Once the pictures are removed, return each record below exactly as written.

--- START ---

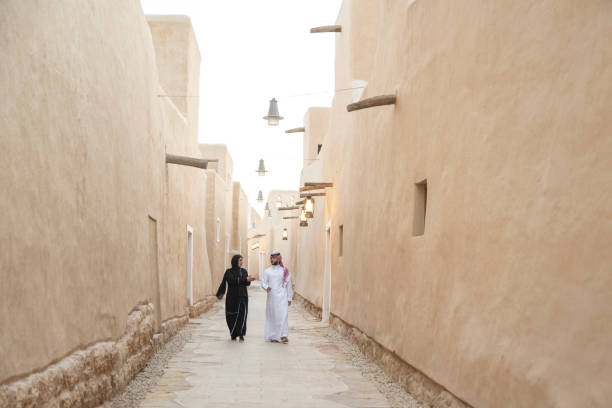 istock Saudi man and woman walking amidst restored ruins 1390994401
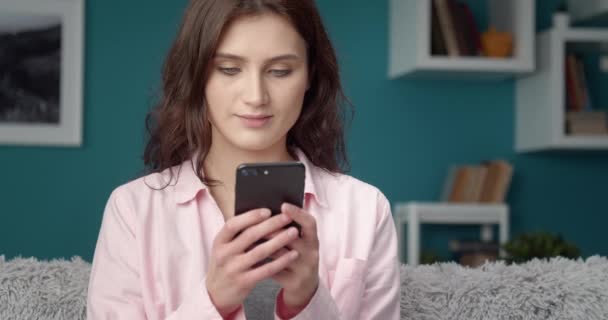 Glimlachende vrouw die smartphone gebruikt om met vrienden te chatten — Stockvideo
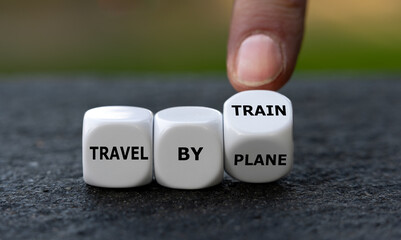 Hand turns dice and changes the expression 'travel by plane' to 'travel by train'. Symbol for...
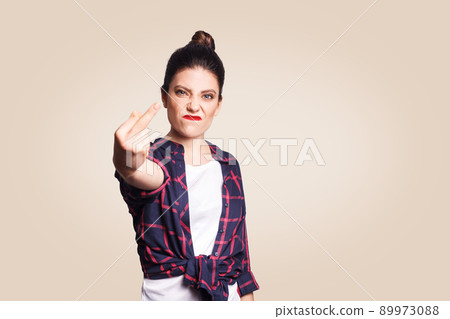 Middle finger sign. Unhappy angry young woman showing middle finger with unsatisfied face. studio shot on beige background. focus on face. 89973088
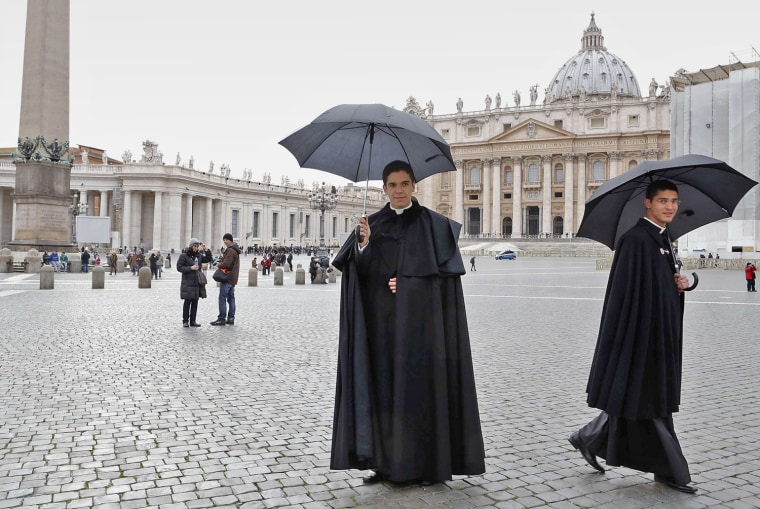 Two priests walk in St. Peter's Square at the Vatican on Feb. 11.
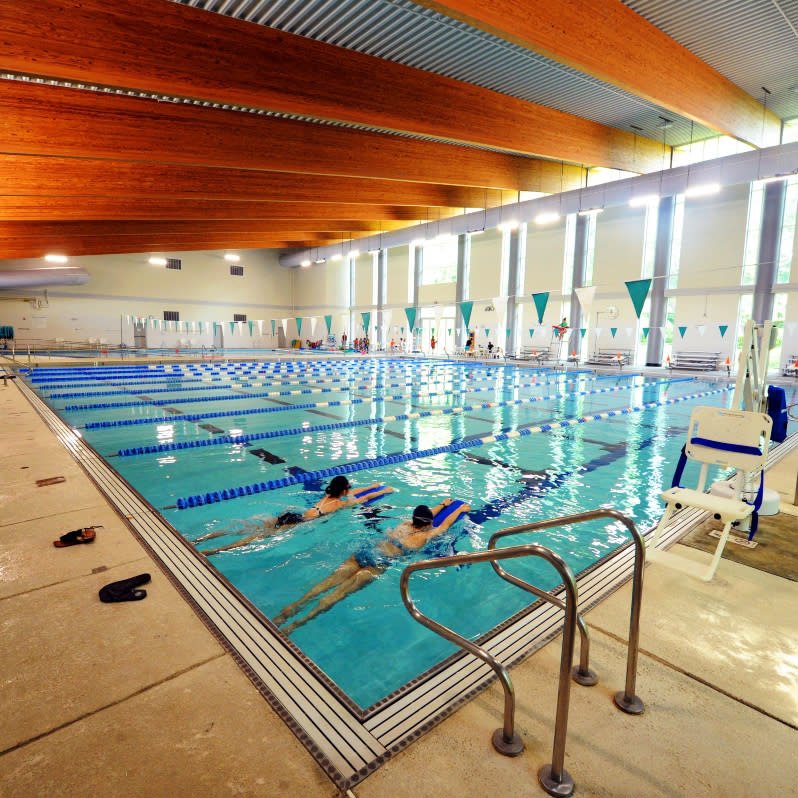 Swimmers using the bright indoor lap pool at Homestead Aquatic Center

--- END ---

» SOLUTION BELOW
 istock Saudi man and woman walking amidst restored ruins 1390994401
 Glimlachende vrouw die smartphone gebruikt om met vrienden te chatten — Stockvideo
 Hand turns dice and changes the expression 'travel by plane' to 'travel by train'. Symbol for...
 Middle finger sign. Unhappy angry young woman showing middle finger with unsatisfied face. studio shot on beige background. focus on face. 89973088
 Two priests walk in St. Peter's Square at the Vatican on Feb. 11.
 Swimmers using the bright indoor lap pool at Homestead Aquatic Center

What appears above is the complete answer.